Em aceno a um outro Poder, o Judiciário, o ministro da Fazenda, Fernando Haddad, afirmou que a reforma tributária agora tem um guardião, o Supremo Tribunal Federal (STF).
O ministro destacou que a reforma foi construída sob um regime democrático e fez um apelo ao presidente do STF, Luís Roberto Barroso, que também estava presente, para que ela seja “recebida com a generosidade que merece”.
PERÍODO DE TRANSIÇÃO
A promulgação da emenda é encarada como um fato histórico, com resultados positivos, na opinião de representantes do governo. O secretário Appy, por exemplo, avalia que a reforma terá impacto positivo sobre a taxa de investimento no país.
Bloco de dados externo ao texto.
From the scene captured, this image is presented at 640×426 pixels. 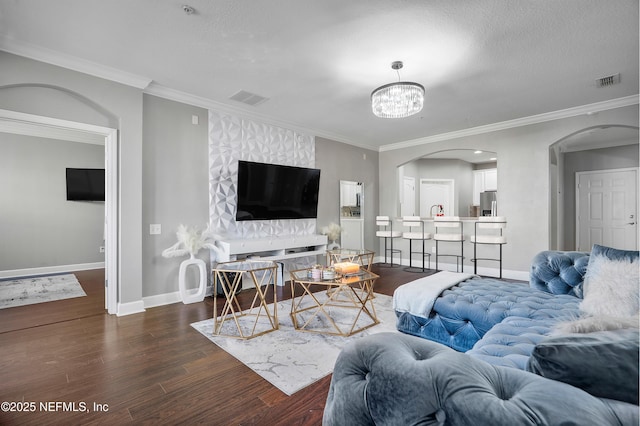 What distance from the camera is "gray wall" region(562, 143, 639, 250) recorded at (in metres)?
6.76

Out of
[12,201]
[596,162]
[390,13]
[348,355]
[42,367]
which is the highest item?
[390,13]

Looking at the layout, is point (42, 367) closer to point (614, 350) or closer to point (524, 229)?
point (614, 350)

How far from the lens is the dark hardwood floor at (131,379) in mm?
1778

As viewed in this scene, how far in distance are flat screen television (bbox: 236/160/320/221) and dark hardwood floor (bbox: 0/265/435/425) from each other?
6.36 feet

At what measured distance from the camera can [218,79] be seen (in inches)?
144

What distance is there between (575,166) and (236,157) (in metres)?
7.79

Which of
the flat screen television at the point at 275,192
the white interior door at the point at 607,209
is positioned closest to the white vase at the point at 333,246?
Result: the flat screen television at the point at 275,192

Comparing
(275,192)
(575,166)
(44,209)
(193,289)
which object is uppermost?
(575,166)

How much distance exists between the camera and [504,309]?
2.24 metres

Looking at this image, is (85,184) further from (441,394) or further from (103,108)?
(441,394)

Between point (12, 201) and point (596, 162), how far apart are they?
12098mm

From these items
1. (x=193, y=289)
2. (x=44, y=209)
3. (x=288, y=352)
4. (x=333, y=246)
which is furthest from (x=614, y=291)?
(x=44, y=209)

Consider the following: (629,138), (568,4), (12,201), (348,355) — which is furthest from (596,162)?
(12,201)

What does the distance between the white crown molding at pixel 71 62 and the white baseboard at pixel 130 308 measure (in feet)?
8.31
Na terça-feira, Haddad comemorou a elevação da nota de crédito do Brasil pela S&P, e afirmou que a reforma tributária, destacada pela agência de classificação de risco como determinante para a mudança, foi o “ponto alto” de uma trajetória de coordenação entre o Executivo e o Legislativo para a aprovação de medidas do governo.
Assim que assumiu seu terceiro mandato, Lula elegeu a reforma tributária como uma de suas prioridades. Na mesma linha, os presidentes da Câmara e do Senado também elencaram o assunto na lista de suas principais metas ao assumirem os comandos das duas Casas do Congresso.
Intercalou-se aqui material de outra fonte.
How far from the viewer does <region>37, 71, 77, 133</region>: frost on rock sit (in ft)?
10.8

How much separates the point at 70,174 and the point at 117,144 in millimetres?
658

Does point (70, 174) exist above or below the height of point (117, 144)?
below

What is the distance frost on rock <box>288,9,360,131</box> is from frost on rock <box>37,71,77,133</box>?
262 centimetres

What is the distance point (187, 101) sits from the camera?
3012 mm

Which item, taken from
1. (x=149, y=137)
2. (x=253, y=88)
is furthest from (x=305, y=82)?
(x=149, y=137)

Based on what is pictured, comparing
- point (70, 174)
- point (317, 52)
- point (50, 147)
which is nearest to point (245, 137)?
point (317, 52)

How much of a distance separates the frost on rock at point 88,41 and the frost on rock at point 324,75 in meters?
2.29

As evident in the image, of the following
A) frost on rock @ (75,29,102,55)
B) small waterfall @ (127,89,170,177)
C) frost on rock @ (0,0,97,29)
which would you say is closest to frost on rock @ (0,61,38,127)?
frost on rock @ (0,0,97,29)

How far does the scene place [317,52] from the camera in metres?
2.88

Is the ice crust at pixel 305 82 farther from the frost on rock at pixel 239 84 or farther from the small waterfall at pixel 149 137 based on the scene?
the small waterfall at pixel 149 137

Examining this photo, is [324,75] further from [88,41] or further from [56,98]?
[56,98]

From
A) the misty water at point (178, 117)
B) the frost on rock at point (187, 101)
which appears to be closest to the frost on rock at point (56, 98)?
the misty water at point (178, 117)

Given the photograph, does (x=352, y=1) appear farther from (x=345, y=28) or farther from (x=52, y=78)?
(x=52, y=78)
A efetiva implementação do novo sistema ocorrerá após um período de transição e ainda dependerá da aprovação de leis complementares de regulamentação.
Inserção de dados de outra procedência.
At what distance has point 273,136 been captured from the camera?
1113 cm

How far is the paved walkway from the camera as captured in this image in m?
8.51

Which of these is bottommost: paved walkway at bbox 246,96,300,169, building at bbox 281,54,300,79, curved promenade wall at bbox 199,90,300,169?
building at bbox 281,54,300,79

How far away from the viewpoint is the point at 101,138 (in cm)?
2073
A reforma substitui PIS e Cofins (federais) por uma Contribuição sobre Bens e Serviços (CBS), e aglutina ICMS (estadual) e ISS (municipal) em um Imposto sobre Bens e Serviços (IBS).
Pouco depois de a Câmara aprovar o texto-base em primeiro turno, na sexta-feira, Haddad, disse que sua equipe ainda iria que calcular seu impacto, mas avaliou que a alíquota padrão do novo Imposto sobre Valor Agregado (IVA) deve seguir próximo à faixa anteriormente estimada.
A Fazenda havia calculado que a alíquota padrão do IVA — a ser definida posteriormente em projeto de lei — ficaria entre 25,9% e 27,5%, a partir de mudanças à proposta aprovadas no Senado.
O texto define que será criado um imposto seletivo, a ser cobrado na produção ou comercialização de bens e serviços prejudiciais à saúde ou ao meio ambiente, mas não poderá mais incidir sobre armas e munições.
O novo sistema terá um teto para a arrecadação da tributação sobre consumo, mantendo patamar equivalente à média da receita observada no período de 2012 a 2021 como proporção do PIB.
A proposta define ainda que o Fundo de Desenvolvimento Regional, destinado a compensar Estados impactados pelas novas regras, receberá um aporte anual total que, após período de transição, chegará a 60 bilhões de reais em 2043.
O novo modelo ainda terá um sistema de “cashback”, que retornará parte do tributo a famílias mais pobres. O mecanismo será regulamentado posteriormente.